On Tue, Nov 28, 2017 at 3:04 AM, Masahiko Sawada <sawada(dot)mshk(at)gmail(dot)com> wrote:
> On Fri, Nov 24, 2017 at 10:28 PM, Antonin Houska <ah(at)cybertec(dot)at> wrote:
>> Masahiko Sawada <sawada(dot)mshk(at)gmail(dot)com> wrote:
>>
>>> On Mon, Oct 30, 2017 at 5:48 PM, Ashutosh Bapat
>>> <ashutosh(dot)bapat(at)enterprisedb(dot)com> wrote:
>>> > On Thu, Oct 26, 2017 at 7:41 PM, Masahiko Sawada <sawada(dot)mshk(at)gmail(dot)com> wrote:
>>> >>
>>> >> Because I don't want to break the current user semantics. that is,
>>> >> currently it's guaranteed that the subsequent reads can see the
>>> >> committed result of previous writes even if the previous transactions
>>> >> were distributed transactions.
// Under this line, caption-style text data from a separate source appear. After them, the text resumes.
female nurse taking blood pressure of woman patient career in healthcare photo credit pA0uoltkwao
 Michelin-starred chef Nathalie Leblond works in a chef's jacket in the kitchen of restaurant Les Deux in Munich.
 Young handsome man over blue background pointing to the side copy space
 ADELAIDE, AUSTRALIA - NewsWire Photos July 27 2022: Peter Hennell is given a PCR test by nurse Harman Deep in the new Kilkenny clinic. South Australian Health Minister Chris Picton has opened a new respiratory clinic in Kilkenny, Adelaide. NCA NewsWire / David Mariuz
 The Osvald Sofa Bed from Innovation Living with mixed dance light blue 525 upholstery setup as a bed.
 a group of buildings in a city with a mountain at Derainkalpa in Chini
And it's ensured by writer side. If we
>>> >> can make the reader side ensure it, the backend process don't need to
>>> >> wait for the resolver process.
>>> >>
>>> >> The waiting backend process are released by resolver process after the
>>> >> resolver process tried to resolve foreign transactions. Even if
>>> >> resolver process failed to either connect to foreign server or to
>>> >> resolve foreign transaction the backend process will be released and
>>> >> the foreign transactions are leaved as dangling transaction in that
>>> >> case, which are processed later. Also if resolver process takes a long
>>> >> time to resolve foreign transactions for whatever reason the user can
>>> >> cancel it by Ctl-c anytime.
>>> >>
>>> >
>>> > So, there's no guarantee that the next command issued from the
>>> > connection *will* see the committed data, since the foreign
>>> > transaction might not have committed because of a network glitch
>>> > (say). If we go this route of making backends wait for resolver to
>>> > resolve the foreign transaction, we will have add complexity to make
>>> > sure that the waiting backends are woken up in problematic events like
>>> > crash of the resolver process OR if the resolver process hangs in a
>>> > connection to a foreign server etc. I am not sure that the complexity
>>> > is worth the half-guarantee.
>>> >
>>>
>>> Hmm, maybe I was wrong. I now think that the waiting backends can be
>>> woken up only in following cases;
>>> - The resolver process succeeded to resolve all foreign transactions.
>>> - The user did the cancel (e.g. ctl-c).
>>> - The resolver process failed to resolve foreign transaction for a
>>> reason of there is no such prepared transaction on foreign server.
>>>
>>> In other cases the resolver process should not release the waiters.
>>
>> I'm not sure I see consensus here. What Ashutosh says seems to be: "Special
>> effort is needed to ensure that backend does not keep waiting if the resolver
>> can't finish it's work in forseable future. But this effort is not worth
>> because by waking the backend up you might prevent the next transaction from
>> seeing the changes the previous one tried to make."
>>
>> On the other hand, your last comments indicate that you try to be even more
>> stringent in letting the backend wait. However even this stringent approach
>> does not guarantee that the next transaction will see the data changes made by
>> the previous one.
>>
>
> What I'd like to guarantee is that the subsequent read can see the
> committed result of previous writes if the transaction involving
> multiple foreign servers is committed without cancellation by user. In
> other words, the backend should not be waken up and the resolver
> should continue to resolve at certain intervals even if the resolver
> fails to connect to the foreign server or fails to resolve it. This is
> similar to what synchronous replication guaranteed today. Keeping this
> semantics is very important for users. Note that the reading a
> consistent result by concurrent reads is a separated problem.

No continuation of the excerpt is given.